14. The question arising in ITA No. 2/2007 is with respect to whether the provision for bad and doubtful debts could be added back for the purpose of determining the income under Section 115-JA. Admittedly the provision was made, subsequently as clause (g) which read as under: “(g) The amount or amounts set aside as provision for diminution in the value of any asset” 15. The issue is covered by the judgment of the Hon'ble Supreme Court in Commissioner of Income Tax v. HCL Comnet Systems and Services Ltd. (2008) 305 ITR 409 (SC). In fact we had followed the aforesaid judgment and held against the revenue in an appeal filed by the Revenue against the very same assessee/appellant herein for the year 1988-89 and 1998-99 wherein Section 115-J and 115-JA were respectively applicable.
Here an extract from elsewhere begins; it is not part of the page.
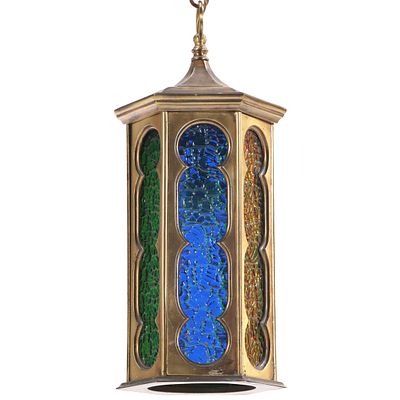 BRASS HANGING LANTERN WITH VARIOUS COLORED GLASS PANELS. Brass hanging lantern with various 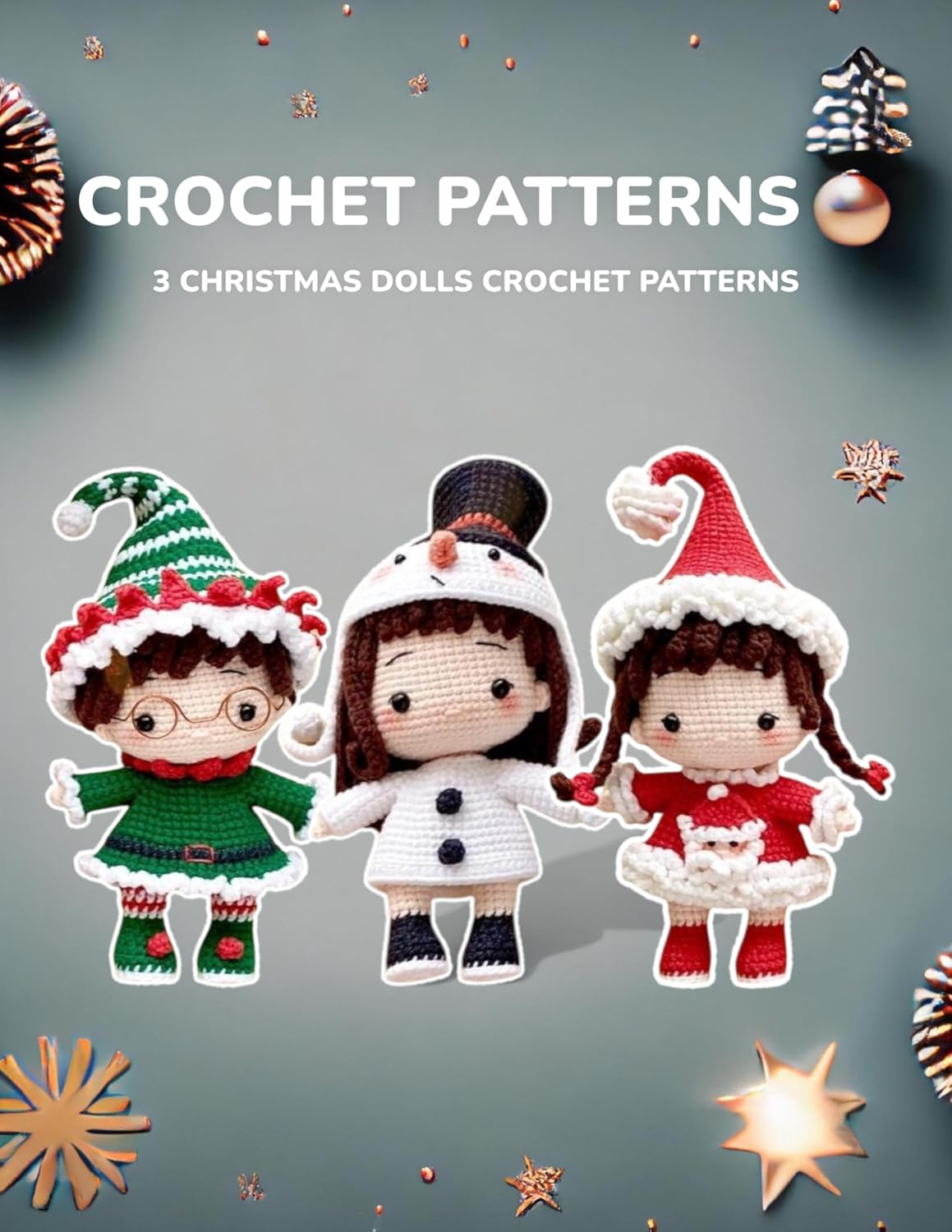 Crochet Patterns 3 Christmas Dolls Crochet Patterns: Amigurumi Patterns with Details Instruction 8.5x11in Cream White Paper (English Edition) baixar livro de graça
In such circumstance, the question arising has to be answered in favour of the assessee and against the Revenue. The order of the lower authorities are set aside. The Assessing Officer is directed not to make any addition with respect to the provision for bad and doubtful debts, insofar as the computation of income under Section 115-JA of the Income Tax Act for the subject year. 16. I.T.A. No. 43/2003 is rejected. I.T.A. No. 1/2007 is partly allowed and I.T.A. No. 2/2007 is allowed. There is no order as to costs.